:: Problem statement ::
Starting at the line that contains "Ataköy Gerçek Fotoğraflı Escort Sevda" and stopping after the line that contains "bet 60 - Mudanças", transcribe the listing below exactly; do not include any pictures.

:: Data for processing ::
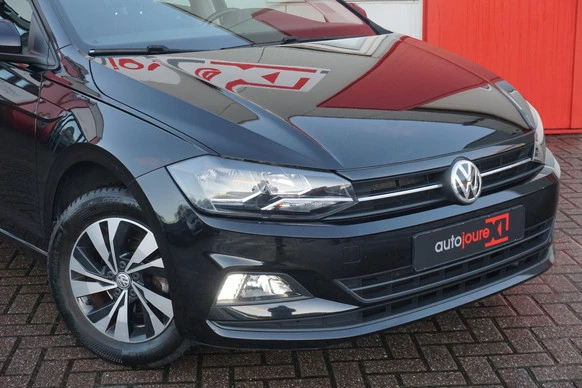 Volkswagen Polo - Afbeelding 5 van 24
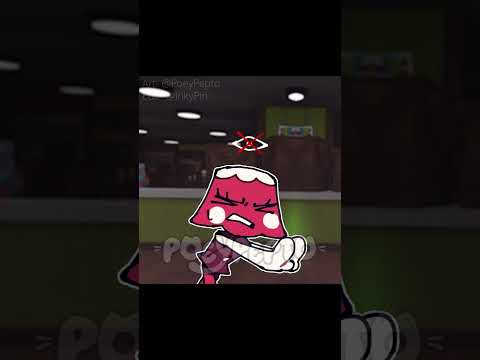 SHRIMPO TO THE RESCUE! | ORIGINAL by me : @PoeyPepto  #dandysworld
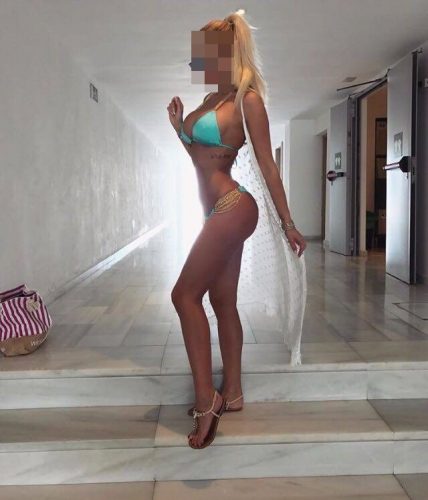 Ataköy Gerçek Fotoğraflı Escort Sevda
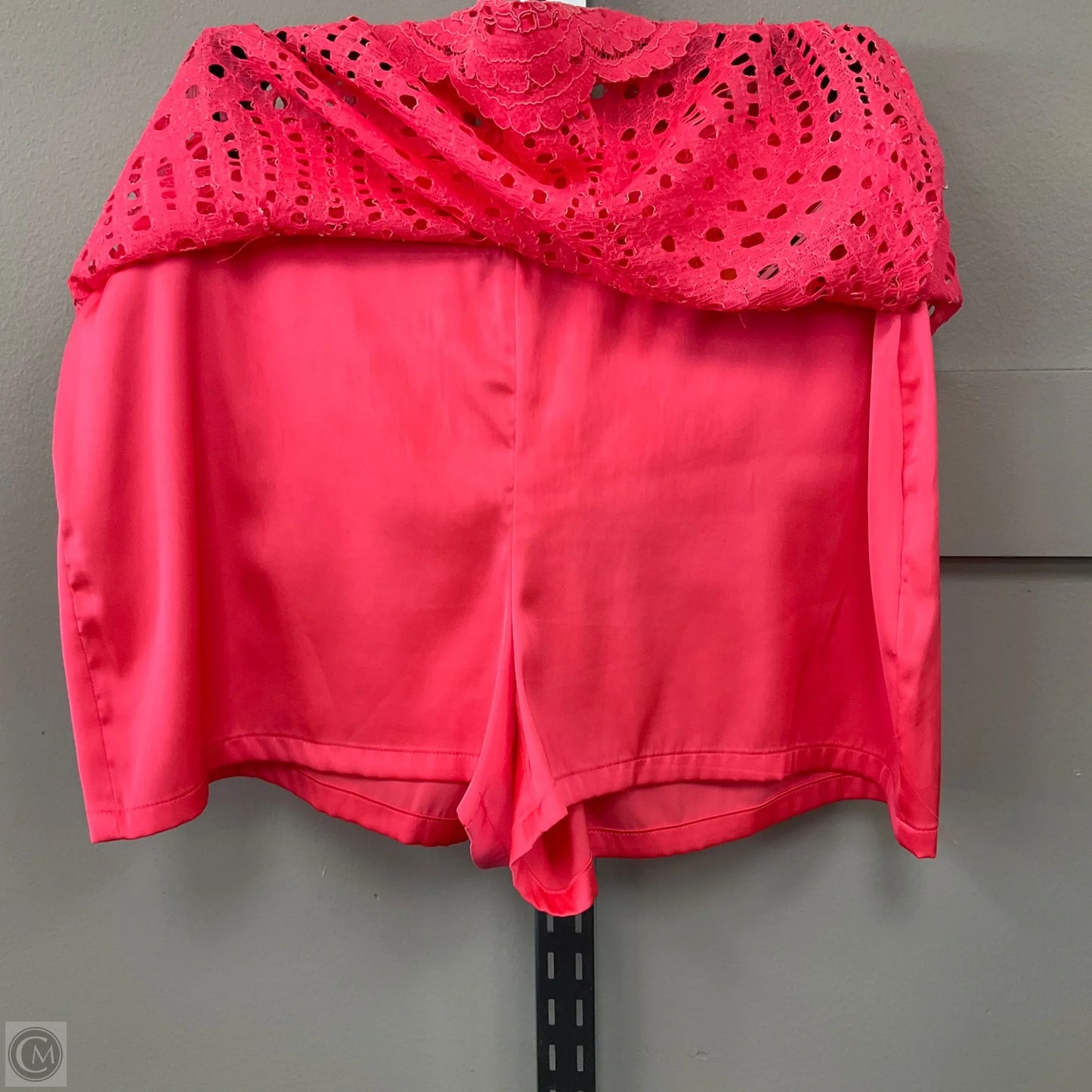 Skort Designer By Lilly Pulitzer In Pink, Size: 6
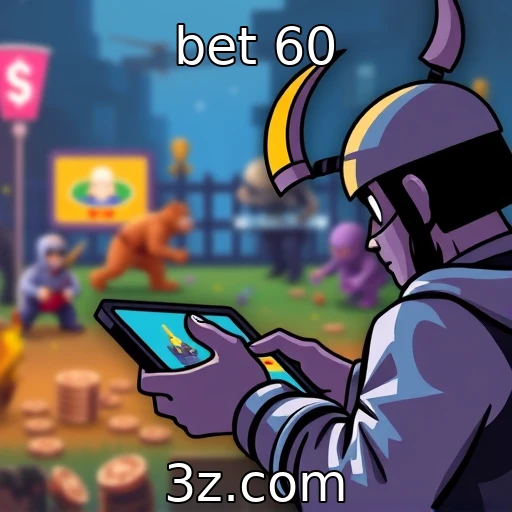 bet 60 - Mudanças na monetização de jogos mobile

* * *

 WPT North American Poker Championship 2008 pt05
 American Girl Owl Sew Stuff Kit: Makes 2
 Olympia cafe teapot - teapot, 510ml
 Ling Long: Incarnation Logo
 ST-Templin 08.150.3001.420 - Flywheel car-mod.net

* * *

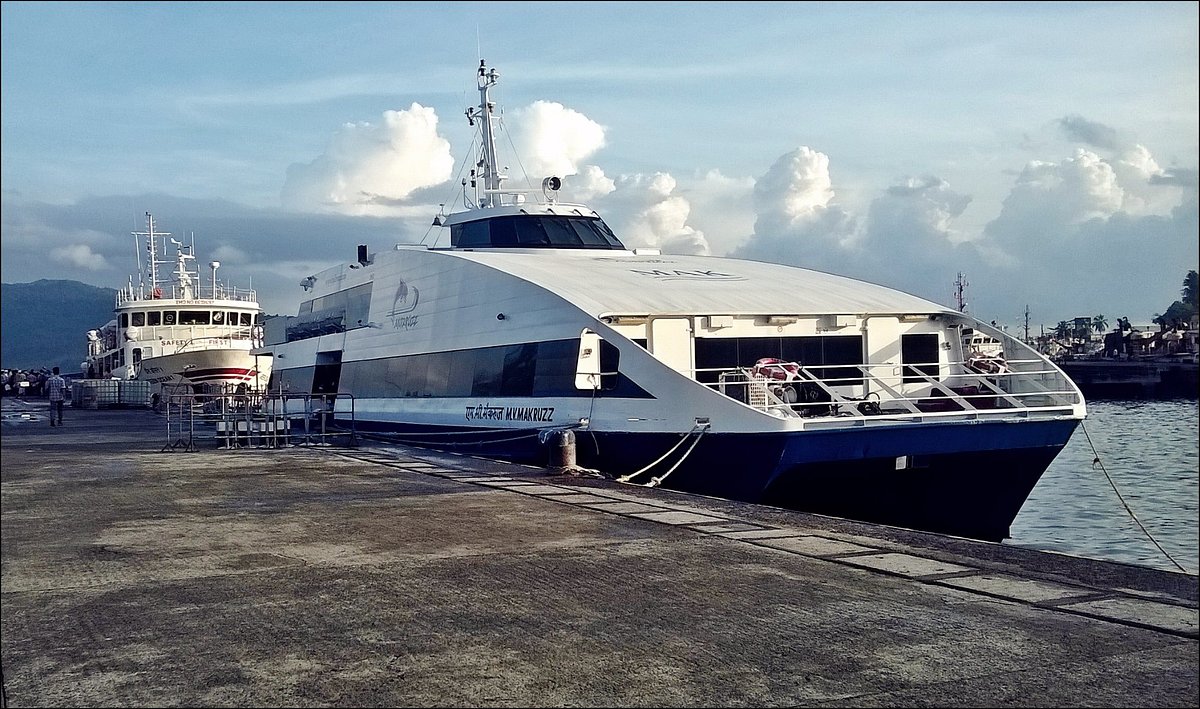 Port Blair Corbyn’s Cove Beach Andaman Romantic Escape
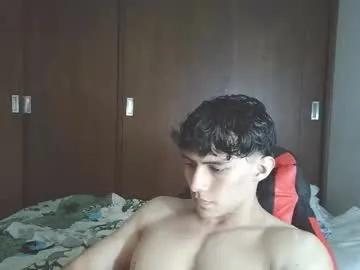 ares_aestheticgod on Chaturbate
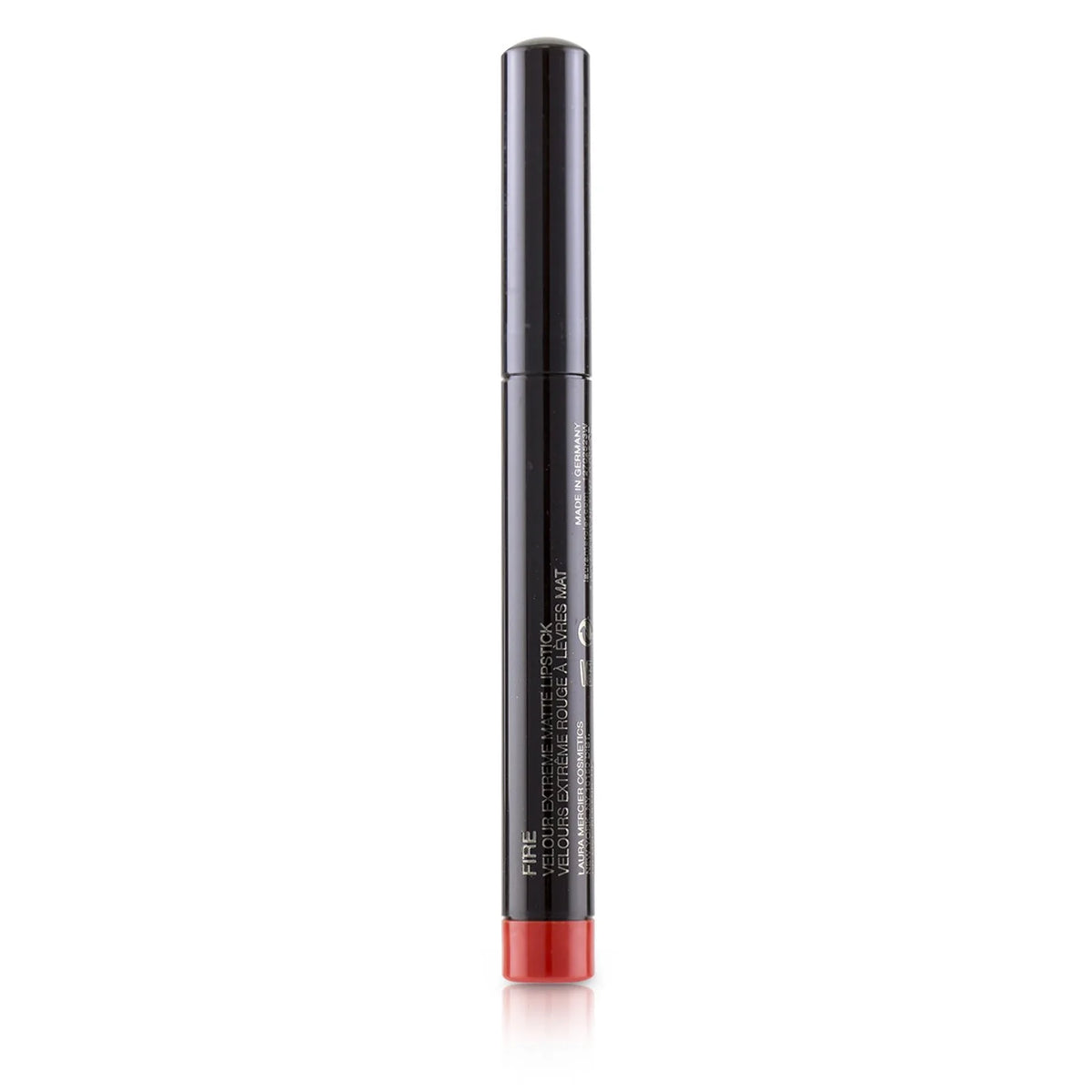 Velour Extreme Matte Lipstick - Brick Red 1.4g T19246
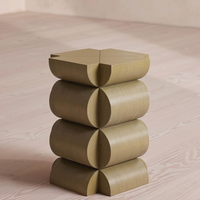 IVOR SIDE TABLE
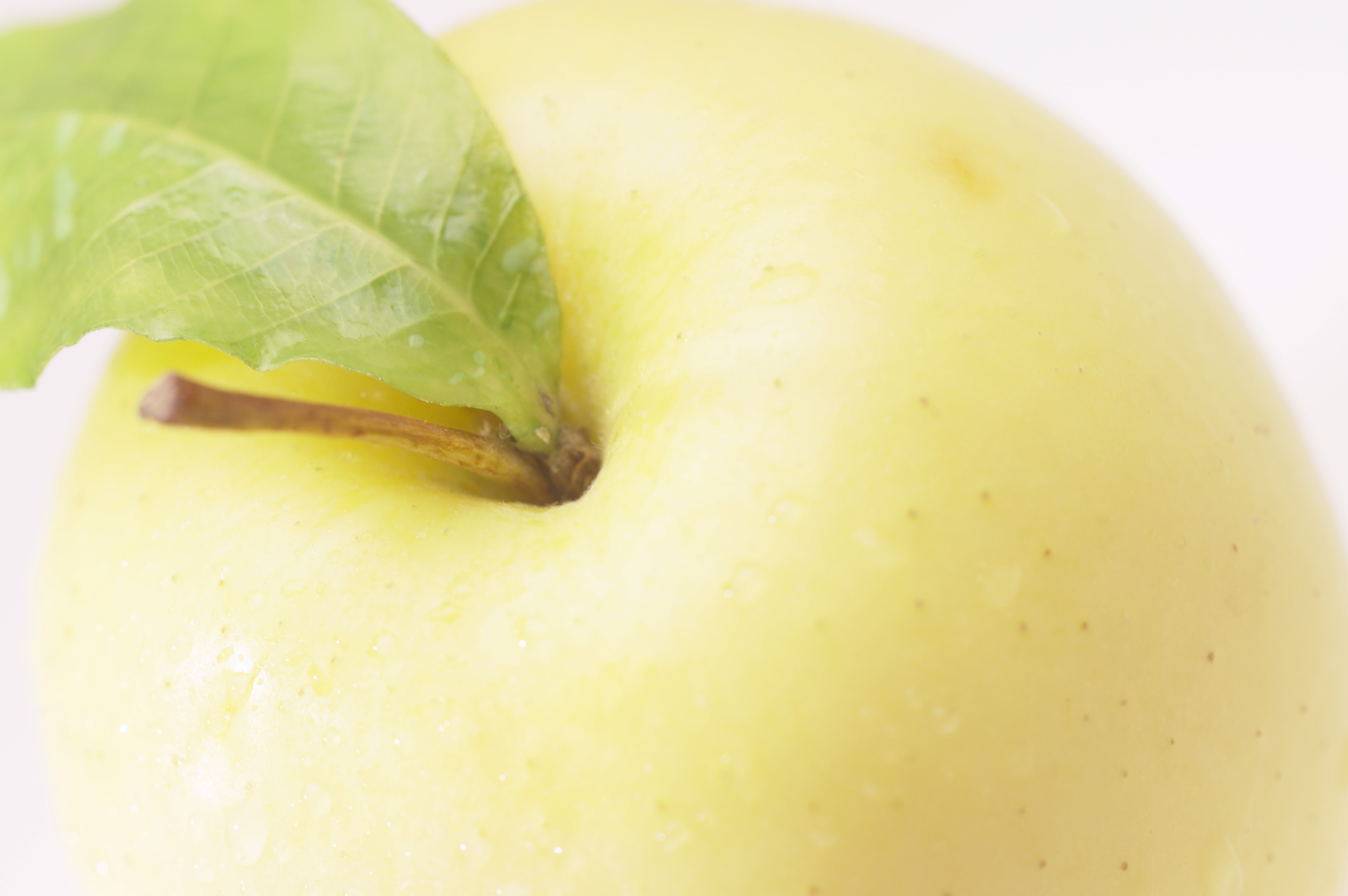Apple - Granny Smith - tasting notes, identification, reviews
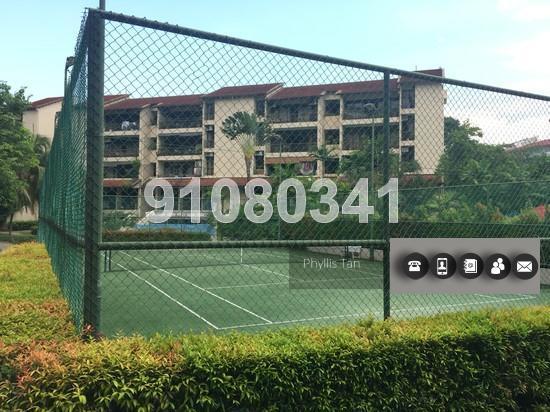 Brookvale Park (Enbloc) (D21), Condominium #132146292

:: Solution for this task ::
 Ataköy Gerçek Fotoğraflı Escort Sevda
 Skort Designer By Lilly Pulitzer In Pink, Size: 6
 bet 60 - Mudanças na monetização de jogos mobile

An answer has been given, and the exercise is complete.